(Beginning of Record set)

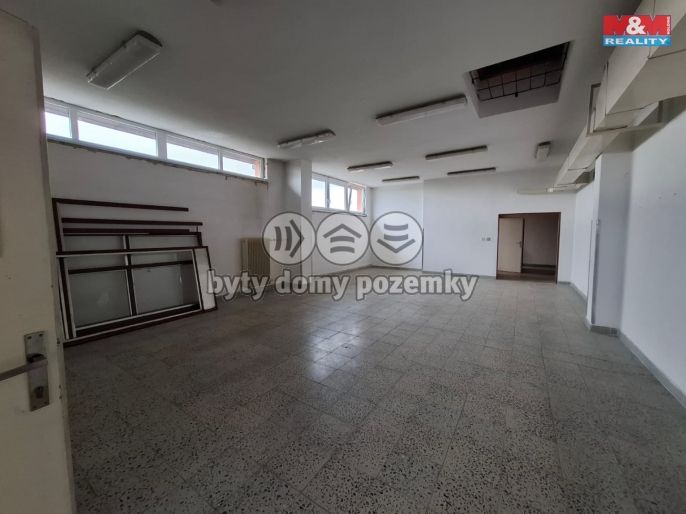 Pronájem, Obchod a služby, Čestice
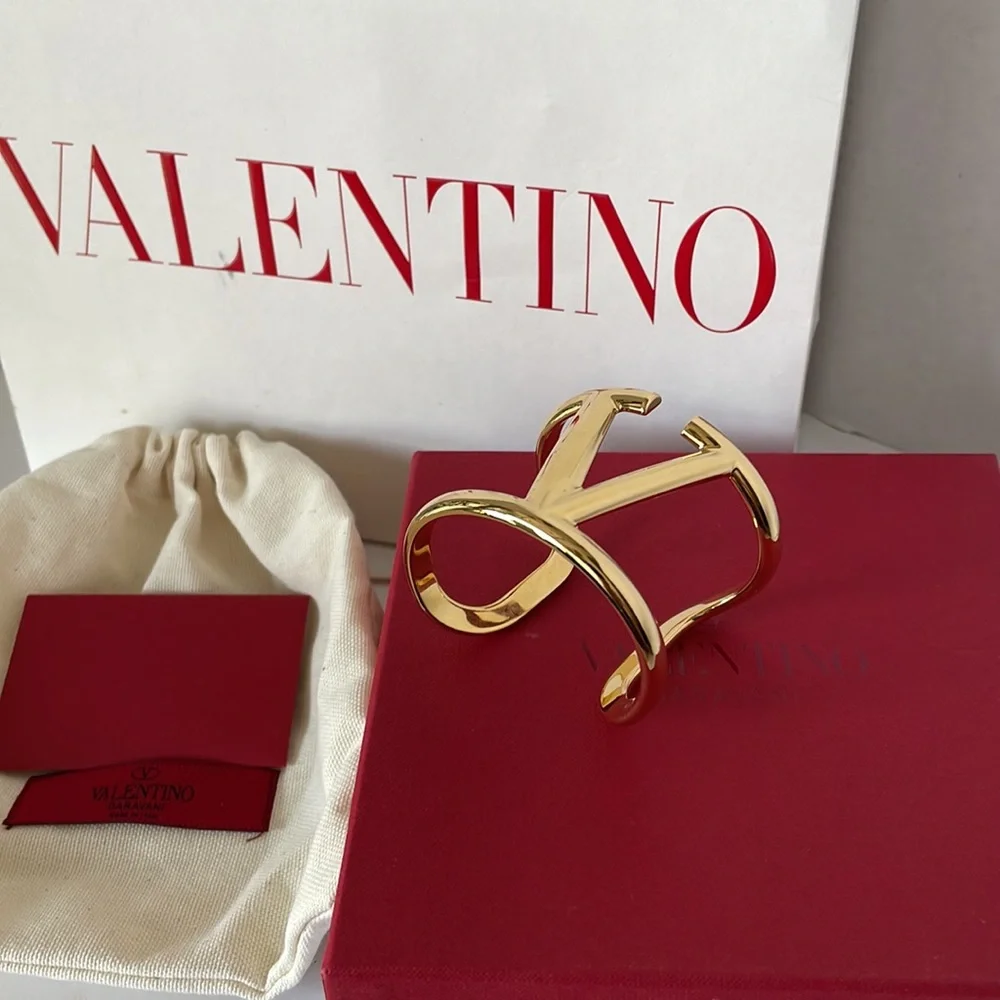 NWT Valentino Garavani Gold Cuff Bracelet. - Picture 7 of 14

(End of Record set)
(Beginning of Record set)

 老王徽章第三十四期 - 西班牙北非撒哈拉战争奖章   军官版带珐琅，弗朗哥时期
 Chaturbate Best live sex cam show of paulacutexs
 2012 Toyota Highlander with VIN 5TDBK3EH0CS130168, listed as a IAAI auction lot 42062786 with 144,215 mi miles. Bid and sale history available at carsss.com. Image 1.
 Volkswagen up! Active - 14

(End of Record set)
(Beginning of Record set)

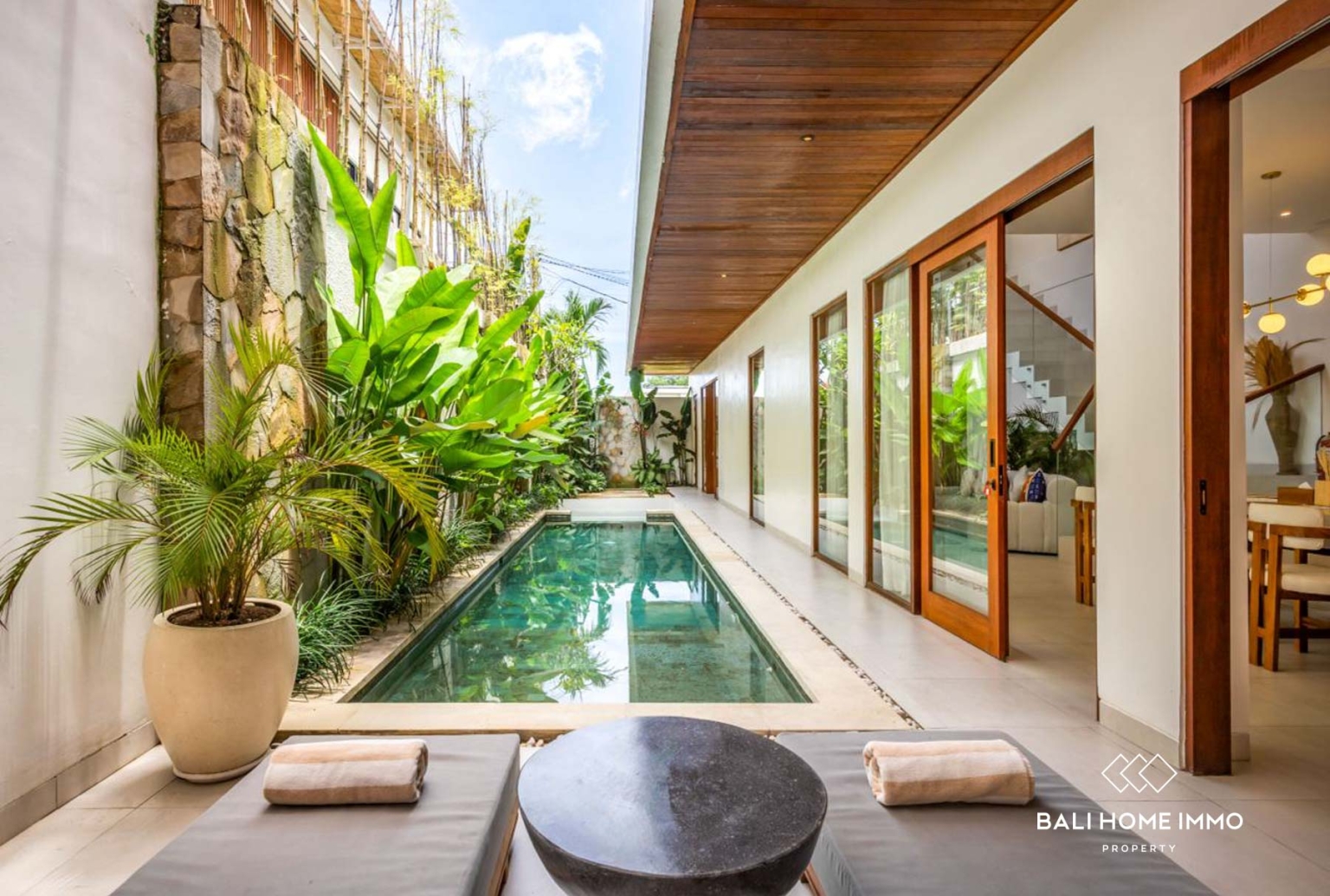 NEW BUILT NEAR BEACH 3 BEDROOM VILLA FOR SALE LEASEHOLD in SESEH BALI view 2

(End of Record set)

_What to do:_ Look above for the line with "Chaturbate Best live" and the line with "Volkswagen up! Active - 14", and reproduce exactly those two lines plus every line between, nothing more.

_Finished exercise:_
 Chaturbate Best live sex cam show of paulacutexs
 2012 Toyota Highlander with VIN 5TDBK3EH0CS130168, listed as a IAAI auction lot 42062786 with 144,215 mi miles. Bid and sale history available at carsss.com. Image 1.
 Volkswagen up! Active - 14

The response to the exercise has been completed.